Copyright 2007 by Laura Bennett

Photo by Charles from Pixabay.
Photo by Charles from Pixabay.

Hundreds of us were huddled under the arches, squeezed in, shoulder to shoulder. Those nearest the edges were struggling to balance, trying to keep every inch of their bodies dry. I felt water drop off my neighbour’s bag and stream down my arm.

It had happened so quickly. I was still waiting for my thoughts to catch up with my senses. As I was fighting off both fear and exhilaration, more and more people were trying to jostle their way under our much coveted shelter. Through the masses I could still see people dashing for cover outside, using whatever they were carrying as makeshift umbrellas - soggy newspapers and shiny handbags being the most popular choices. One rather ambitious father was attempting to shelter his young son under the fingers of his outstretched palm as they both jumped the overflowing roadside gutters, the child struggling to match his father’s strides. Still the rain was hammering down, turning into surging streams along the pavements right before our eyes. There was screaming from all directions and the echoes of glass shattering and tiles smashing in the distance.

August 20th is always a memorable day in Budapest. Hungary’s day of national celebration, it commemorates the day on which the relics of the first king of Hungary, St. Stephen, were transferred to the city of Buda. Traditionally this public holiday culminates with a magnificent fireworks display at 9pm in the nation’s capital.

I had been oblivious to this when planning my business trip to Budapest. I work in Study Abroad and the dates had been dictated by the arrival of the students for the start of the fall semester. It was only after the trip had been organised that I happily realised my visit would coincide with this annual event. Due to arrive in the early evening I hoped that I would be able to get to my riverside hotel in time to see the highlight of the day in its full splendour.

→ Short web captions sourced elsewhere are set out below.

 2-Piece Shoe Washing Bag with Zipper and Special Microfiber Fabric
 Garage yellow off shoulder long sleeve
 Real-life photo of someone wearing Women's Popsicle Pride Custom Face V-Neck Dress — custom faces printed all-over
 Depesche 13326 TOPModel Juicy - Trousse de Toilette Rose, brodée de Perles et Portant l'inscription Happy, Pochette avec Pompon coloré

My flight left London on time but we were a little late arriving at Budapest’s Ferihegy airport due to some extreme turbulence caused, according to the pilot, by some particularly dense storms sitting over Eastern Europe. At the transfer shuttle desk I was told there would be a worryingly imprecise wait of “up to an hour” as they were short of drivers because of the public holiday. Certain areas of the city centre had also been closed off to traffic due to the festivities, but they promised to get me as near to my hotel as possible. Having never visited the city before this made me a little anxious but I had a map with me so I assured myself instinct would kick-in and I would find it in the end.

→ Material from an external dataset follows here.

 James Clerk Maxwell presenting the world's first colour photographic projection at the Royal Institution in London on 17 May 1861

Eventually the shuttle arrived. It was packed full with impatient business men and curious tourists who, like me, by this time had been waiting for well over an hour. As we drove through the suburbs towards the city centre I saw flashes of light in the sky and, in passing, wondered whether the fireworks had started a little early, by now it was getting closer to 9pm. Lost in the music of my i-pod, my mind was elsewhere until we began the intermittent stops to unload my fellow passengers and their bulky luggage at their respective accommodations. Peering through the tinted glass, I could make out the crowds of people, all hurrying in the same direction as the hour of the great firework display drew ever closer. As always seems to be the case in these situations, the group dwindled around me and I was left trying to get my bearings through the rear window. Eventually, just before 9 o’clock, the driver motioned towards the only other remaining passenger and myself - the time had come for us to strike out on our own. I looked around for something that would trigger some kind of recognition, but could only see the flashing neon signs of hotels which were not mine, and a large traffic intersection which was unnaturally teeming with pedestrians, having been cordoned off to traffic.

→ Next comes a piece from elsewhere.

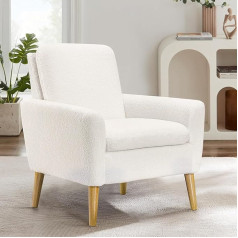Dazone Krēsls Dzīvojamā istaba Vienvietīgs dīvāns atpūtas krēsls Modern Recliner krēsls ar koka kājām Balts Teddy audums dzīvojamai istabai / guļamistabai White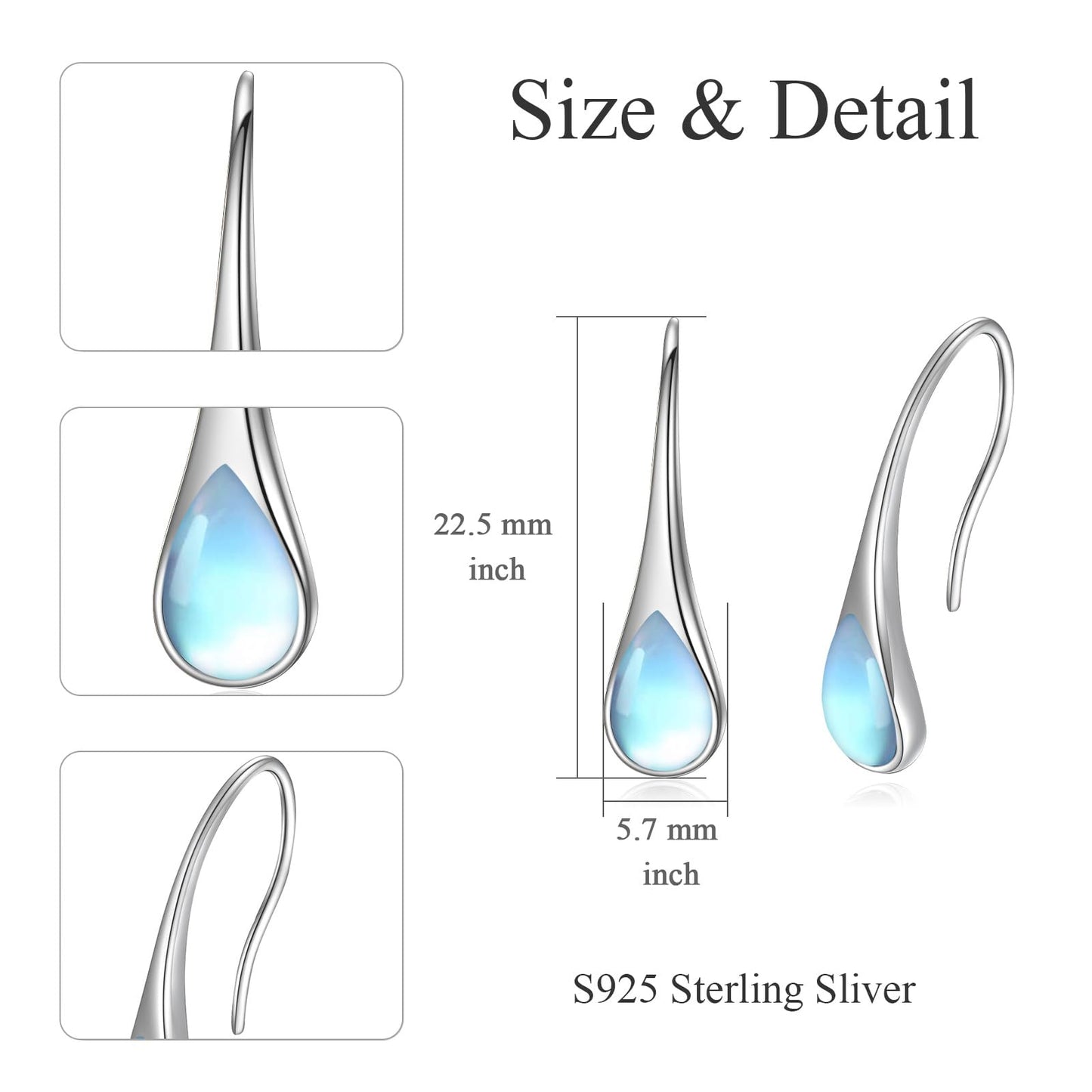 925 Sterling Silver Teardrop Earrings with Moonstone, Teardrop June Birthstone Jewelry Gifts for Women Wife Mom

I repeated the name of my hotel to the driver and he pointed in the direction of what I supposed to be the river. I set off, wheeling my small case behind me, as an increasingly persistent wind seemed to blow up out of nowhere. Hurrying down what looked like a main street, with all its shops safely closed and locked up, I recognised the sound of the first firework explosion. Knowing that I couldn’t be that far away I smiled to myself, thinking that I’d just make it to the hotel with time to enjoy most of the display. The wind whistled up the broad street, fiercely insistent. At the very moment that I realised that the weather had taken a turn for the worst, the first heavy drops began to fall from the sky.

Lifting my suitcase I ran to the nearest shelter, taking care not to slip on the already treacherous pavements underfoot. As more and more people joined me undercover I waited for what must have been at least an hour. The hammering sound of the rain and deafening claps of thunder mingled with the bangs and flashes of the firework display which was carrying on stubbornly above us. There were occasional let-ups in the rain, but each time I began to consider getting myself together and trying to set out for the hotel the rain would lash down forcefully. Eventually I sensed that it was beginning to ease, bravely put up my flimsy umbrella and tentatively stepped out. People were still running all around me, mostly in the opposite direction to mine: away from the river. Fighting my way through, on more than one occasion I tried to turn down a side-street only to find that it was blocked with impassable puddles of water several feet deep. There was nowhere else for the water to go as the drainage system was by now well filled to capacity. I ploughed on, getting wetter and wetter, and increasingly concerned as I failed to find my destination. I wanted to stop and ask for directions but everyone seemed to be preoccupied with keeping dry and getting out of what was now beginning to feel like a war zone.

As I was contemplating what to do next I turned a corner and saw a shining red light illuminating the name of my hotel. The relief was overwhelming. As I walked into the lobby I was greeted with utter chaos – screaming children being enveloped in fluffy towels by their parents; spiky dislocated umbrellas cast aside in every corner, and sheer dismay on the faces of hundreds of people. Thanks to its position on the river the hotel had turned into a makeshift refuge for those caught up in the storm.

Thankfully a smiling hotel clerk eventually checked me in and gave me a friendly warning about watching my feet on the now sodden, shiny marble floor. When I finally made it to my room, ironically looking straight out over the river, I could hardly believe the events of the past hour. I called home straight away, desperate to share my experience with someone.

The following morning there was an eerie quiet about the city. Uprooted trees straddled the pavements; broken tiles littered the roads, some of which were still closed to traffic. The local English language newspaper, the Budapest Sun, was full of news of the event, accompanied by some fairly dramatic photos of the panic that had surrounded the sudden storm. I found out that three people had been killed, hit by flying debris, and a further two were reported missing feared drowned in the Danube after falling from bridges in the midst of the confusion. It was a sobering thought to realise that this was being dubbed the most momentous night in Budapest’s history since the revolution fifty years earlier.

My stay in Budapest eventually turned out to be a very pleasant one and thankfully I was able to squeeze in a little sightseeing. Highlights included climbing the dome of St Stephen’s Basilica to admire the architecturally stunning skyline – the city is a mixture of styles with everything from neo-Renaissance and neo-Gothic to Art Nouveau and some very modern glass and metal structures. The fast flowing, murky Danube runs through the heart of the city, separating the previously independent cities of Buda and Pest. I often found myself crossing it, catching a tram alongside it or contemplating it from one of the many high vantage points across the city. The thermal springs beneath Budapest have long been revered for their healing properties and I was able to try them out for myself at one of the largest and best known spas – the Gellert.

I considered myself lucky to have emerged unscathed from the experience of my first night in the Budapest. It gave me a real insight in to how it feels to be swept up by such an unexpected event, not quite feeling as if it’s real, yet somehow knowing that something very serious could be unfolding. Sometimes things happen so quickly we don’t even get a chance to take them in until it’s over and all we can do at the time is to trust our instincts and hope for the best.